RAPID CITY, S.D. (May 7, 2013) – A fixture on the South Dakota School of Mines & Technology campus for 28 years, M.R. Hansen, Ph.D., a soon-to-be-retired professor of civil and environmental engineering, teaches as naturally as he breathes.
Walking into his office, knowledge has a physical presence: papers scattered across his desk, forming snow-like drifts against bookshelves as pieces of concrete peek out from between stacks.
Hansen has dedicated his career to knowledge. But his life, that belongs to his students.
After taxes, Hansen’s sick leave paid out to the tune of $20,000, a sum he donated in its entirety to start an endowment for the Mines student chapter of the American Society of Civil Engineers (ASCE) and the Department of Civil & Environmental Engineering. And he has plans to raise at least $20,000 more. He’s already matched dollar for dollar $17,000 with the goal of launching the fund June 21 – the day he officially retires.

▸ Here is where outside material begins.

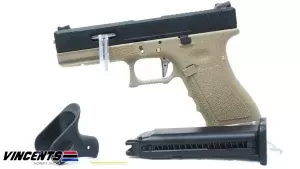 WE Glock 17 G-Force (TMSS) Tan Body Black Slide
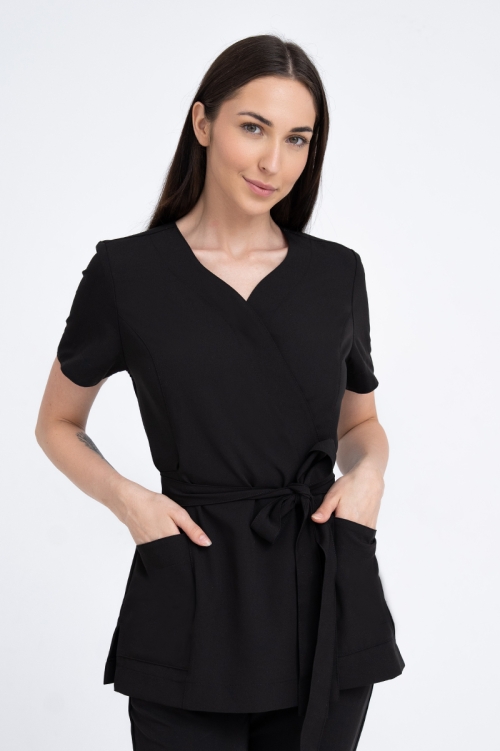 Kosmetyczna tunika damska Lili Soft black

“We don’t get any money at all from the state tax payers. All of it comes from student money or fundraising, with a little bit from student fees. Every year, the ASCE student chapter needs $20,000 just to operate, for the concrete canoe and steel bridge competition, etc.,” Hansen explains.

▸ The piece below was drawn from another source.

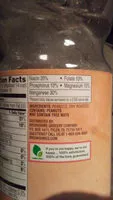 Sugar and nutrients in Brookshire grocery company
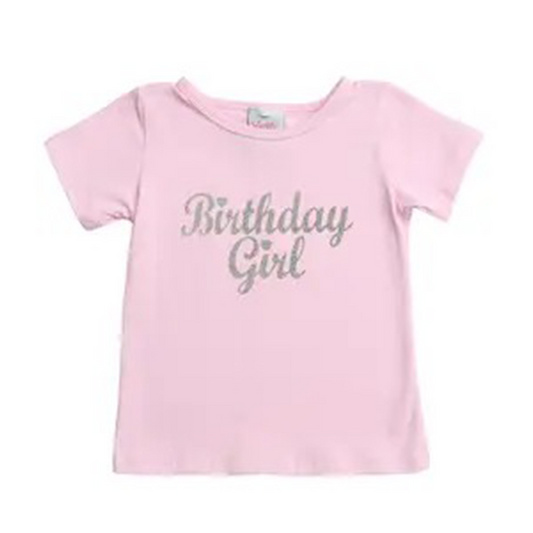 Girls Birthday Girl Tee Shirt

Endowments allow the principal to be invested with the earnings funding any needs, thus enabling the fund to continue in perpetuity. Half of those annual earnings will go to ASCE and the other half to the department to help with operating costs.

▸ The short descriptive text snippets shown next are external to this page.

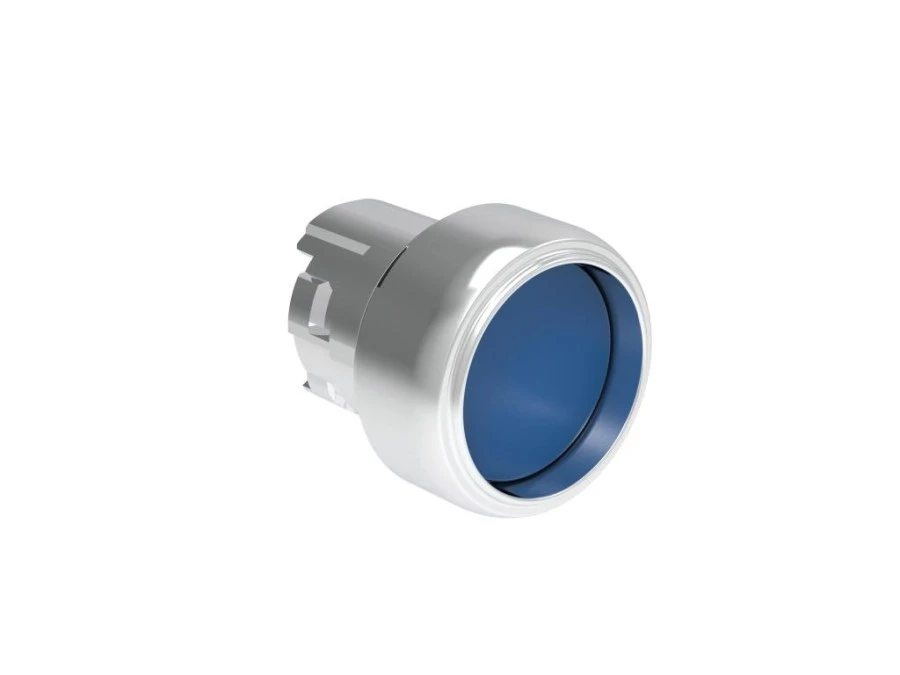 Metalowy przycisk fi22mm osłonięty samoczynny powrót Niebieski LPSB306 - obrazek 1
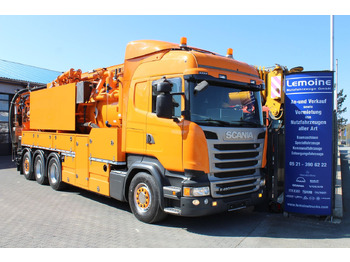 Camion hydrocureur SCANIA R 450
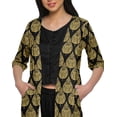 thumbnail image 4 of Moomaya 3 Piece Crop Top Palazzo With Shrug Set Women Ethnic Wear Indian Outfit, 4 of 4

Before coming to the School of Mines, Hansen worked nine years as an engineer and then took a job at a smaller engineering college. Over the next six years, “I realized or decided that teaching was the best job in the world.”
His tenure at Mines has proven that epiphany true. “And it [teaching] sure has worked out that way. It’s much more challenging than regular engineering. Working with people, that’s a much harder material than working with concrete or steel. You can never do it perfectly.”
Hansen comes awfully close. Any conversation is a teachable moment. Two minutes in and the converser is the lucky recipient of a slab of concrete – and the barrage of questions that follow, about its components, density, feel, and weight. The list is endless.
His specialty is concrete, and his love for the material is evident.
Specifically: pervious, a special type of concrete with a high porosity. It’s used for flatwork applications, such as parking lots, because it allows water from precipitation and other sources to pass directly through, reducing the runoff from a site.
Hansen did the first pervious concrete installation in 2008 at the local S.D. National Guard Camp, a cooperative effort with area residents and volunteers. He also helped with an older Rapid City landmark: the concrete fish at Founder’s Park. And a more recent one: the fabrication of Storybook Island’s new Willy the Whale.
His love knows no boundaries. Through an umbrella agreement between the School of Mines and the Mongolian University of Science and Technology, Hansen’s been taking sabbaticals and teaching processes for making quality concrete for 12 years.
He’s even started an annual concrete conference, now in its 11th year, and a professional organization that writes and provides information about building codes for concrete. Students spend two semesters learning the weighty tome, which he sees as one of the most instrumental parts of the legacy he leaves. “Before this code, there was only the Russian code or no code,” which can be disastrous in countries affected by earthquakes. But now, “if you build a structure according to these specifications, it will safe, durable and long-lasting.”
After retirement, Hansen plans to move to Mongolia where he will teach concrete and his wife, English. But he’s going out with a bang, holding a series of themed retirement parties that will double as fundraisers for the endowment, complete with commemorative engraved glasses for the cause.